__DIRECTIONS FOR THIS TASK__:
Entries below include pictures. Output exactly the lines from the one with "Traxxas Stampede 4WD" down to the one with "GROSIR 50 PC!!", both ends included, and leave the pictures out.

__SUPPLIED RECORDS__:
((

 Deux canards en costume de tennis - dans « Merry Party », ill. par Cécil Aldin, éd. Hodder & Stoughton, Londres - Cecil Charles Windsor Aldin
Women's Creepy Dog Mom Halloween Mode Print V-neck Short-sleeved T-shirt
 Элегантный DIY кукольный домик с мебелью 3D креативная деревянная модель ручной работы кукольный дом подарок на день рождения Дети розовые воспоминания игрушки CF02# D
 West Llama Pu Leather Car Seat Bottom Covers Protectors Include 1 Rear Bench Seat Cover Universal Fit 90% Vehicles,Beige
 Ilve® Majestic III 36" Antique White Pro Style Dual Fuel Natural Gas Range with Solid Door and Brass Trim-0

))
((

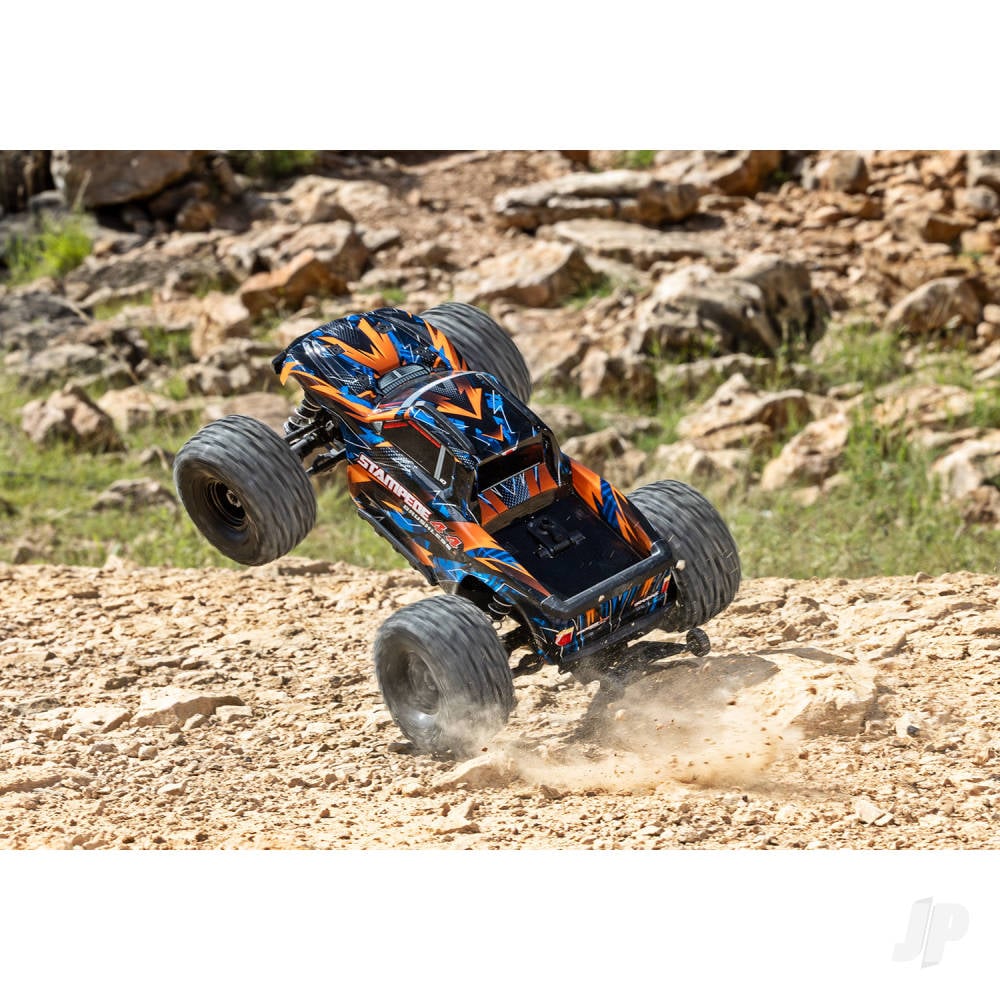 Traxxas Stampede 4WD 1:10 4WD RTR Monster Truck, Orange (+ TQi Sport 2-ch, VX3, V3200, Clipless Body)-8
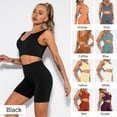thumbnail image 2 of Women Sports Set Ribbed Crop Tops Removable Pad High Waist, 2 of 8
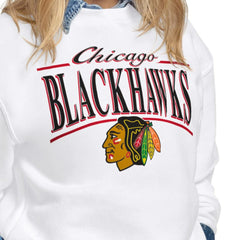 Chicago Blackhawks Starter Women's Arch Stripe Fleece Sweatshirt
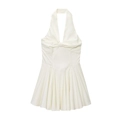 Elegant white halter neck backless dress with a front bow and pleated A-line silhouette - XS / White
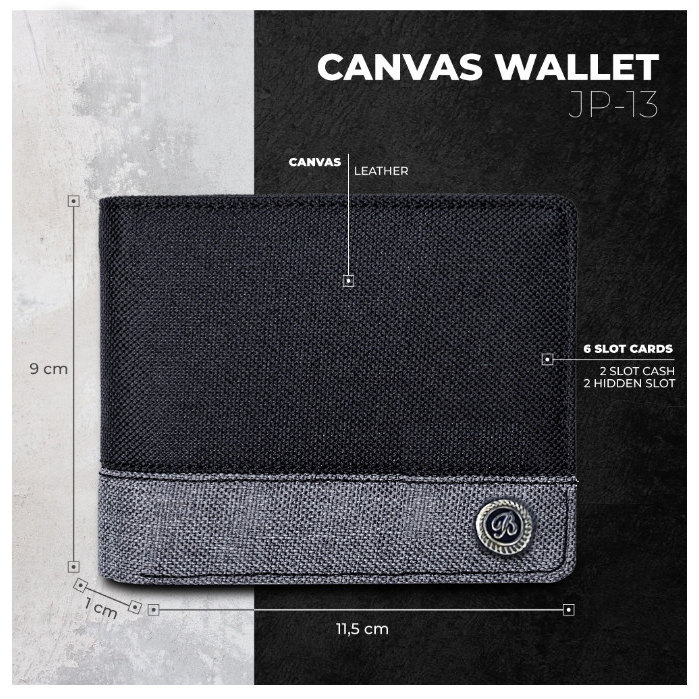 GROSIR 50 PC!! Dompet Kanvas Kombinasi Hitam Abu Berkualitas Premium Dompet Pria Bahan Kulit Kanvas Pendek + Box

))

__ANSWER AREA__:
 Traxxas Stampede 4WD 1:10 4WD RTR Monster Truck, Orange (+ TQi Sport 2-ch, VX3, V3200, Clipless Body)-8
thumbnail image 2 of Women Sports Set Ribbed Crop Tops Removable Pad High Waist, 2 of 8
 Chicago Blackhawks Starter Women's Arch Stripe Fleece Sweatshirt
 Elegant white halter neck backless dress with a front bow and pleated A-line silhouette - XS / White
 GROSIR 50 PC!! Dompet Kanvas Kombinasi Hitam Abu Berkualitas Premium Dompet Pria Bahan Kulit Kanvas Pendek + Box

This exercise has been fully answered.